Segundo o decreto, os seguintes produtos brasileiros continuarão entrando nos EUA sem a tarifa adicional:

  •  Aeronaves civis e peças: motores, pneus, tubos, simuladores e sistemas de voo.
  • Veículos de passageiros: como sedans, SUVs, vans e caminhões leves, incluindo peças.
  • Metais industriais: itens específicos de ferro, aço, alumínio, cobre e derivados.
  • Fertilizantes: insumos amplamente usados na agricultura nacional.
  • Itens agrícolas e florestais: suco de laranja, castanha-do-brasil, madeira tropical, mica, sisal.

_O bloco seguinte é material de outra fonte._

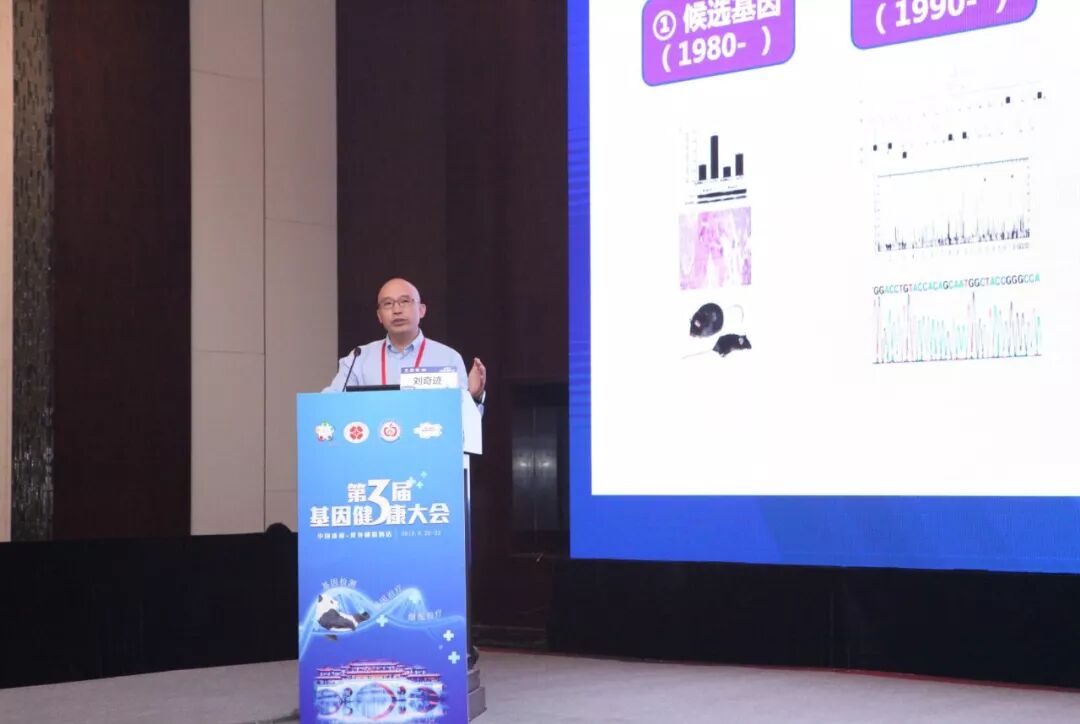 RmFicvQBAkgCDpOoiaO0TE6zsKbvf20nv0JhB7icUR3CQBP4iaK3VvZqn31ictKRvycNAFVqthodRycuQ9OvhicRyaJw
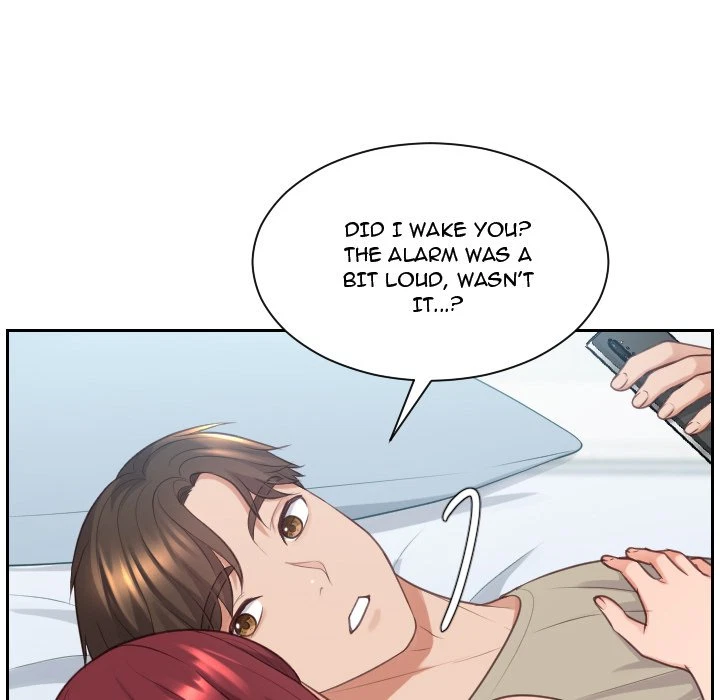 Chapter 31, page 58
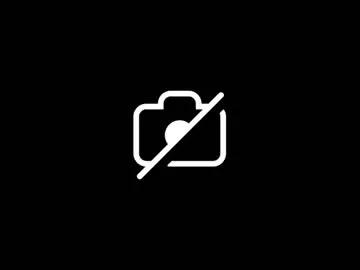 Miztrezk webcams show profile image 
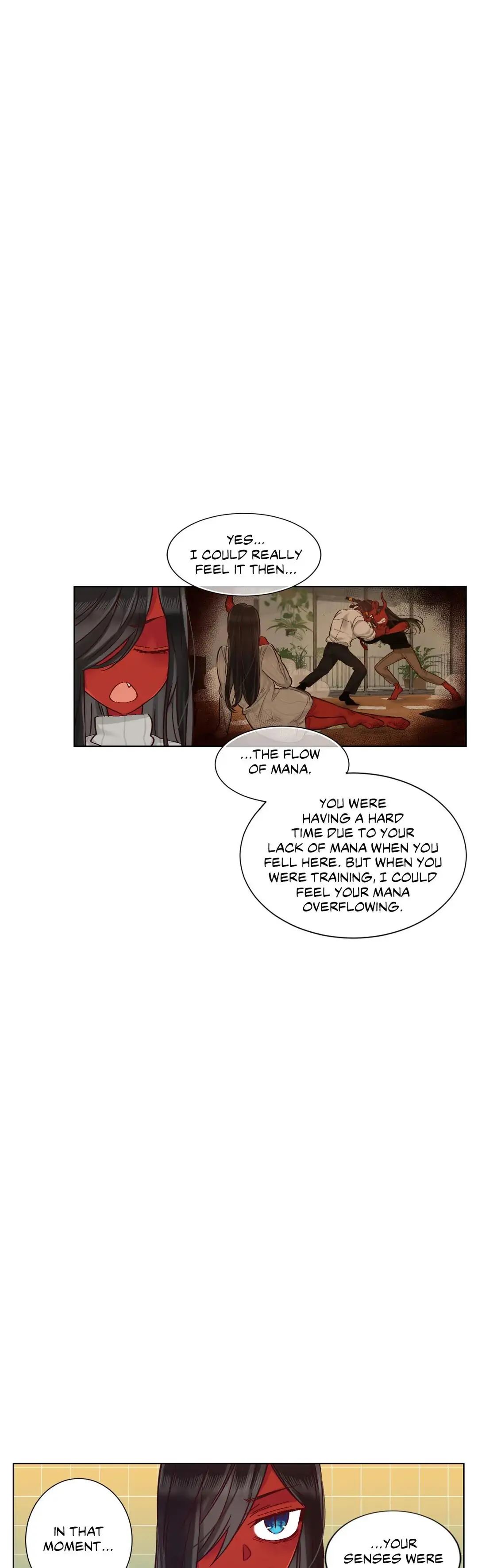 Devil Drop Chapter 29 image 6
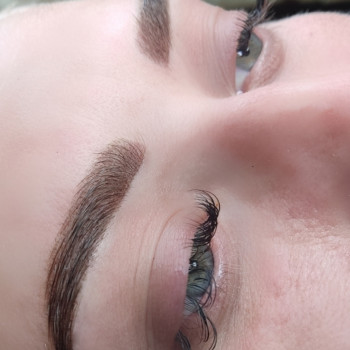 Валерія Пальоха, Ахтырка Фото - 6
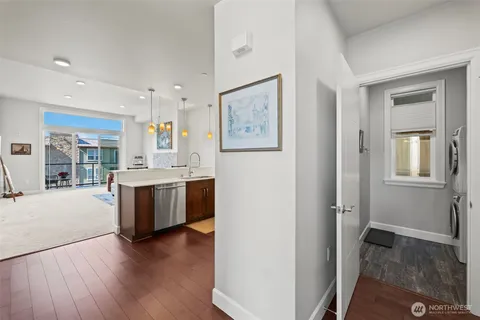 $718,900 | 4961 Main Street, Unit 811, Tacoma, WA 98407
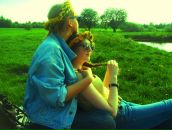 Born Monkey фотография #1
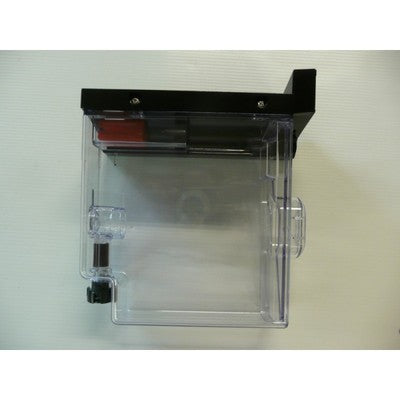 DeLonghi Réservoir Récipient Bidon Conteneur Eau Machine Café EC820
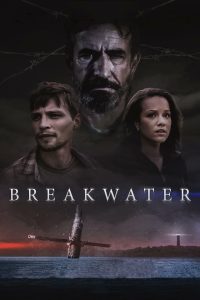 Nonton Breakwater 2023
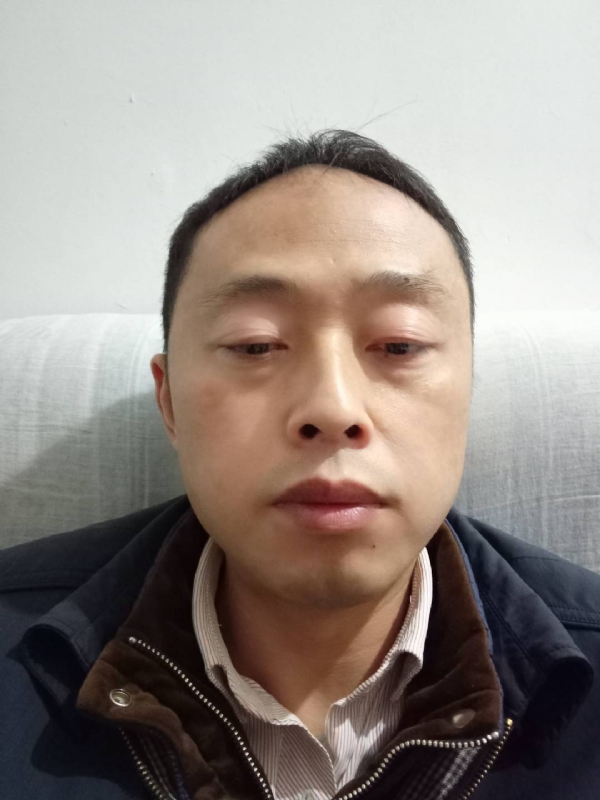 阳光的第一张照片--金门交友网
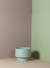 MACETA RHODA 1 CON PLATO - tienda online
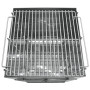 Grill Cattara Cube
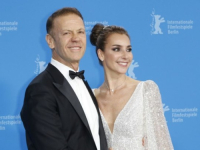 SUPRUGA NAJPOZNATIJEG 18+ GLUMCA NA SVIJETU: 'Nikad nisam pogledala takav film'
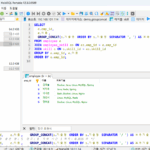 sql group concat (4)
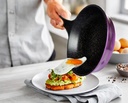 royalty-line-rl-es1014m-cookware-set-with-marble-coating-14-pcs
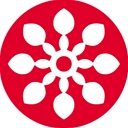 Neowiz Holdings logo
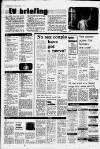 Liverpool Daily Post Tuesday 05 November 1974 Page 2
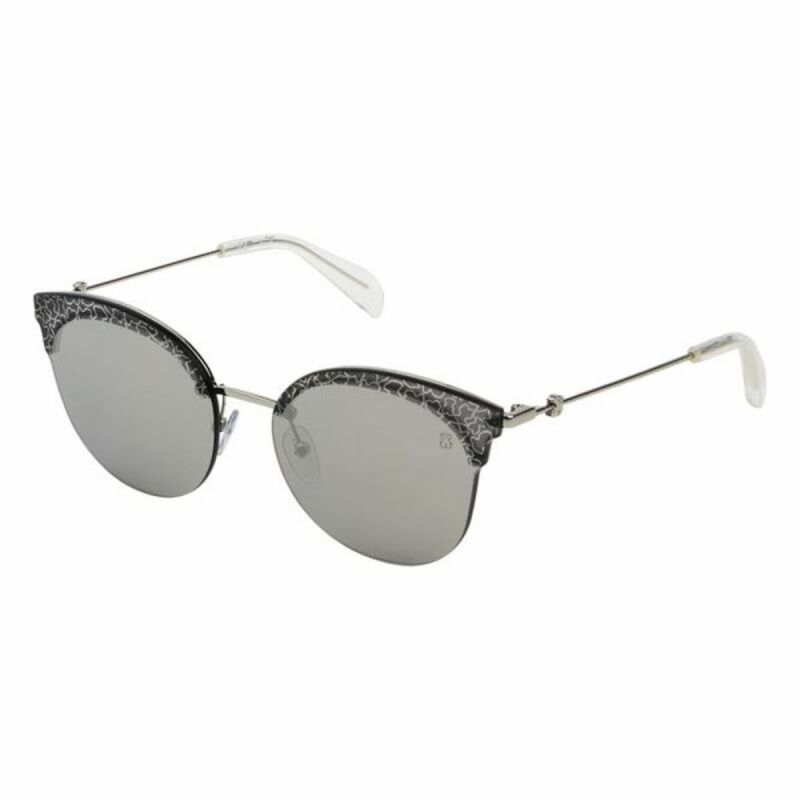 Ochelari de Soare Damă Tous STO370-59579X ø 59 mm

  • Minerais e metais especiais: silício, ferro-gusa, alumina, ouro, prata, ferronióbio, ferroníquel.
  • Combustíveis e energia: petróleo, carvão, gás natural, óleos, parafina, eletricidade.
  • Bens retornados: produtos enviados aos EUA para conserto ou modificação.
  • Em trânsito: mercadorias embarcadas antes da vigência da medida, desde que cheguem até 5 de outubro.
  • Uso pessoal: itens na bagagem de passageiros.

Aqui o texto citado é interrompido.